She asks me if she’s stuttering and twitchy, and I have to tell her that she is, but it’s because she is tired. In fact, she is too tired to enjoy the diagnosis of not having dementia but some other condition which affects the memory and can be treated. Mother is this tired because as well as her trips today and at the beginning of the week, she had to travel the same distance in the other direction for a mental health assessment.
Off the bus, into the foyer, ah yes… coffee and packaged fake cake and sit around waiting for the appointed time. Then, off up to the ward and – oh, he’s been moved back to the other ward. Ok. Ah. Mother remembers that he was in a side room on his own; so I look, and he is not there. Up to the end, into another sideward with two other old guys busy dying and he’s…
He’s prone in bed, scrunched up a little to the right this time and for some reason – it could be fewer bedclothes, it might be the lack of dressing gown, I don’t know – he’s looking as skeletal as ever. I sniff deeply over his bed without anyone noticing. Nope, he’s still alive. There’s a mad anecdote where he seems to be apologising about the past or something and I quip about Oscar Wilde and brevity being the soul of wit; one of his favoured sayings and his face scrunches up as if I was speaking in a completely alien language.

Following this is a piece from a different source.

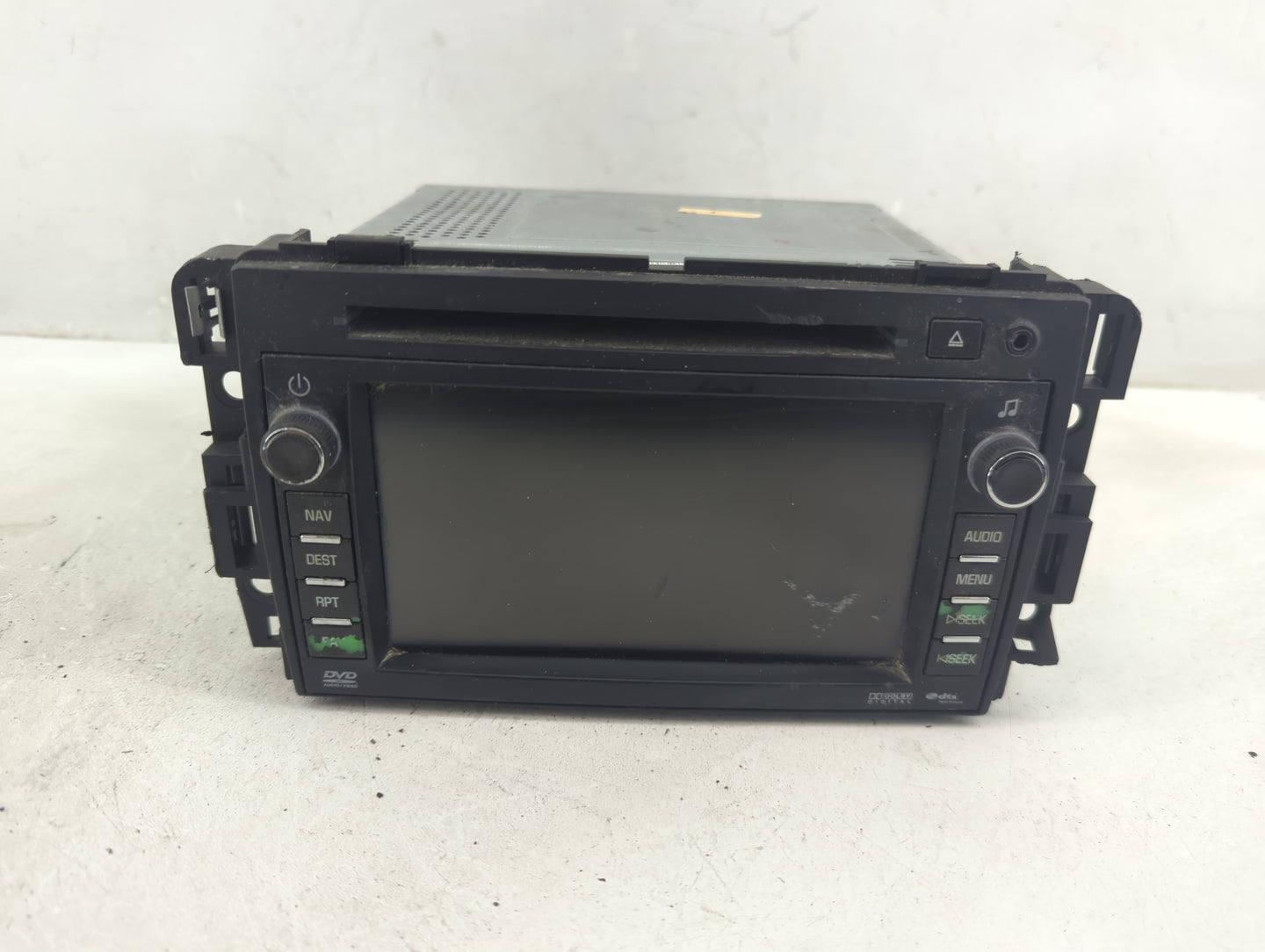 2009 Buick Enclave Radio AM FM Cd Player Receiver Replacement P/N:28181386 20792738 Fits OEM Used Auto Parts - Oemusedautopa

So his neurons are going. Great. How much longer before he simply turns into breathing meat?
While we have been greeted warmly by the nurses, when I go to make my own investigation about how the old man’s doing, I notice a terrified emptiness in their eyes. It’s as if they want to grab my collar and slam me up against the nearest wall, bawl into my face from kissing distance, “He’s DYING you jackass! This is it! He is NOT going to ‘get better’!” I can’t tell them I see this though.
Paper thin whispers from him. Skin close on his skull. I check the board, see how to read it in seconds; hey, I used to watch medical dramas. Yes, he’s down for physio (hah! He’s lost most of his muscles). I return and he’s deep in conversation with mother, trying to get her to understand that volunteers bring a sundries and sweeties trolley around and he wants some money so that even if he doesn’t actually want anything from it, he can buy some stuff from the trolley. I sit on the ‘patient chair’ beside the bed and watch this unfold… feeling seasick somehow. Hang on… what the hell’s going on with my bum? It feels like I farted, but I didn’t… oh wait… it is different now… It’s one of those cushions designed to prevent sores on people who may get them. I relax and try to enjoy the unusualness of it. Then we leave.
We talk about how he seems today, and I can see that mother’s very tired indeed. Too tired to enjoy the diagnosis of not having dementia. Did I say that before? The bus journey back is unappealing to me. For the first time, mother talks about how she can see he’s hurting and afraid inside, and how no one can reach in there and give comfort… she wants him home to look after him – all these years as wife and mother, it’s all she can think to do. It’s the first time she’s spoken of it in this way, of seeing it from his angle. I give her some waffle about how I play with words to deal with the situation, and end up with telling her that when I feel overwhelmed with emotion by it all, I recognise that I have compassion – something lacking in many. And that it’s strong in me because when you look at it, the biggest part of compassion is ‘passion’. She nods sagely and the bus is better than on time so we start for home.
My brother is busy doing his part as we drip in from getting soaked from the bus stop to home, and I tell him that if the weather is like this before leaving for the bus stop, abort the visit that day and do it the next. Sitting on a bus in wet clothes like this is not fun, and not good for anyone. He agrees. And I tell him that if I come up to the house from my place and I’m this wet on my day to take mother, I’ll call it off. He agrees. I report to him what was said, and that we’d left him money for the trolley. He looks tired.